> _WHAT THE TASK REQUIRES_
Of the material below, the lines to be retyped are those from the line containing "High Quality Plastic" through the line containing "EVER ADVANCED Campingstuhl", inclusive; reproduce them exactly.

> _DATA FOR REVIEW_
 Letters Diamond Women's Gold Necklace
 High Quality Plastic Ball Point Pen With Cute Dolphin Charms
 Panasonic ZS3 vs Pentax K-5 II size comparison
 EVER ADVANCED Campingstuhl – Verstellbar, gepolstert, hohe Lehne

---

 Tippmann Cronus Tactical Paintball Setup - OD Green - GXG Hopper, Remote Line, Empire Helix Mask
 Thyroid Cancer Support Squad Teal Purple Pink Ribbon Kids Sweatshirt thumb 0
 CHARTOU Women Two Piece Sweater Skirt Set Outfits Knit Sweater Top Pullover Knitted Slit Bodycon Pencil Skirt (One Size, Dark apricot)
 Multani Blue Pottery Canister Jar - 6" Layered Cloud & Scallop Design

> _SOLUTION FOR THIS EXERCISE_
 High Quality Plastic Ball Point Pen With Cute Dolphin Charms
 Panasonic ZS3 vs Pentax K-5 II size comparison
 EVER ADVANCED Campingstuhl – Verstellbar, gepolstert, hohe Lehne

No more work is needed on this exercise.